Is Learning a Foreign Language Really Worth It?

Monday, March 24th, 2014

Is learning a foreign language really worth it?

Dubner: Saiz is from Barcelona — Barthelona — and he’s an economist at MIT, where he teaches urban planning. On today’s show we’re asking about the return on investment of learning a foreign language and, wouldn’t you know it, Saiz has calculated exactly that. He tracked about 9,000 college graduates to see how a foreign language affected their wages.He was surprised by what he found.

Saiz: Yeah, unfortunately, and I have to say, of course, because I try to speak three, I was pretty disappointed, and actually we found a very, very small return. What we did find is that after controlling for a host of characteristics, and using, a lot of experimental research designs that are basically trying to compare people who are identical for everything except for the second language, we did tend to find a premium in the labor market of about 2 percent of wages. In other words, if you speak a second language, you can expect to earn, on average, and that’s across many, many different people, on average you can be expected to earn about 2 percent higher wages. To contextualize this, think about your income or your wage being about $30,000, then you would expect to earn about $600 more per year.

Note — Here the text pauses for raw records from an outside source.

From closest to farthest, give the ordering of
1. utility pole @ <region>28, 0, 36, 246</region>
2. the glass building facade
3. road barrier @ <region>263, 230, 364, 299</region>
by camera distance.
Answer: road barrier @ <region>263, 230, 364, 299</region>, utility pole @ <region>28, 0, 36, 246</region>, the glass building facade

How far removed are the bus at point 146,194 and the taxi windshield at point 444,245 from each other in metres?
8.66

Dubner: Now that’s not nothing. There are a lot of things you can do that won’t increase your earnings by even 2 percent. But still, that’s not a huge premium. And, I hate to tell this to our young Spanish speakers back at the Little Red School House in New York, but there is a rank order in terms of how different foreign languages translate into higher earnings.

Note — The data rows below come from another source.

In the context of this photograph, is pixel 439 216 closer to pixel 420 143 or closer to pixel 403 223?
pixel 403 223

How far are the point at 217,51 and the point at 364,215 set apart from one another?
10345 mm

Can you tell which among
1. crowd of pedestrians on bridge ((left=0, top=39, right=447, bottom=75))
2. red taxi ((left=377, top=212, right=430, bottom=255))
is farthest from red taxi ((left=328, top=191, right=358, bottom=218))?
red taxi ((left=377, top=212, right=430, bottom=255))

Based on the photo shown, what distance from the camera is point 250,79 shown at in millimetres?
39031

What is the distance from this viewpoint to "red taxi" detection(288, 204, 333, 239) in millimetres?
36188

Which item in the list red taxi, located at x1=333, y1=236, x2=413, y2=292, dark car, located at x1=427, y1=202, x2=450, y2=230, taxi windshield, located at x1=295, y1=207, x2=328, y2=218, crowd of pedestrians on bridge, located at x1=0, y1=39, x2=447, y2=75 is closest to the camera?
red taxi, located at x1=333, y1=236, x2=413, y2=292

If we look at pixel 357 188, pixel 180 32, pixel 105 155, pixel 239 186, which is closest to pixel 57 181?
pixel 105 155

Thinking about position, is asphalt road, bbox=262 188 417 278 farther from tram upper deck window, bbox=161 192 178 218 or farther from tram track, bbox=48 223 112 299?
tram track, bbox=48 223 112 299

Saiz: We know that the lowest return is Spanish, where you get about 1.5 percent, and then French 2.7 percent, and then German 4 percent. So you know learning a second language is something that’s worth to do by itself, but as a financial decision, probably, if you’re focusing on financial returns, they’re relatively low, and you should focus on languages that are rarely spoken in the United States.

[...]

Dubner: So as Bryan Caplan sees it, learning a foreign language, especially in school, just may not be worth it. Unless — that foreign language is English. Remember what Albert Saiz told us? His study of college graduates found only a 2 percent wage premium for learning a foreign language. But those were American college graduates:

Saiz: I can tell you that there’s research in other countries. Actually the findings in the United States do contrast with what other people following the same methodology found in Turkey, in Russia and in Israel. In these three countries, actually speaking English, which would be the second language, was associated with a substantial return of around 10 to 20 percent. So it’s really I think English speaking countries where that effect is relatively low. And again I think the explanation is very clear. English is the lingua franca.

Comments

  1. Toddy Cat says:

    Personally, I’d tend to doubt this, if only because every opinion Bryan Caplan has is wrong, except for his dislike of Communism; but of course, he’s also a pacifist, so the one negates the other.

  2. James James says:

    I can see how Spanish, French or German might not be very useful for Americans in America, which is a big continent where (almost) everyone speaks English. They’re a bit more useful in Europe.

  3. Maxx8864 says:

    Does this mean the English speaking world now has the problem of language privilege?

  4. Lodro Gyatso says:

    I would just like to point out that if you take that $600 p/a and invest it, thanks to the miraculous power of compounding, it actually adds up. If you invest $600 p/a for 40 years (the length of your working years) at a conservative rate of 3%, you’ll have $45,000 more than if you didn’t learn a language. And since the cost of learning a language in university is the same as the cost of, say, studying history, or economics, it is very clearly “worth it” to learn a language — especially higher-value languages such as German or Chinese.

  5. Lodro Gyatso says:

    I can see how Spanish, French or German might not be very useful for Americans in America, which is a big continent where (almost) everyone speaks English. They’re a bit more useful in Europe

    Actually, everyone in Europe doesn’t speak English. According to a survey conducted in 2012 by the European Commission (Europeans and their Languages), only 38% of Europeans over the age of 15 speak English at any level of proficiency. The number who speak well enough to handle the more complex demands on language entailed in trade is, expectedly much less; only 27% of Europeans who speak English use it for work.

    This is precisely the reason why foreign language skills are practical and profitable.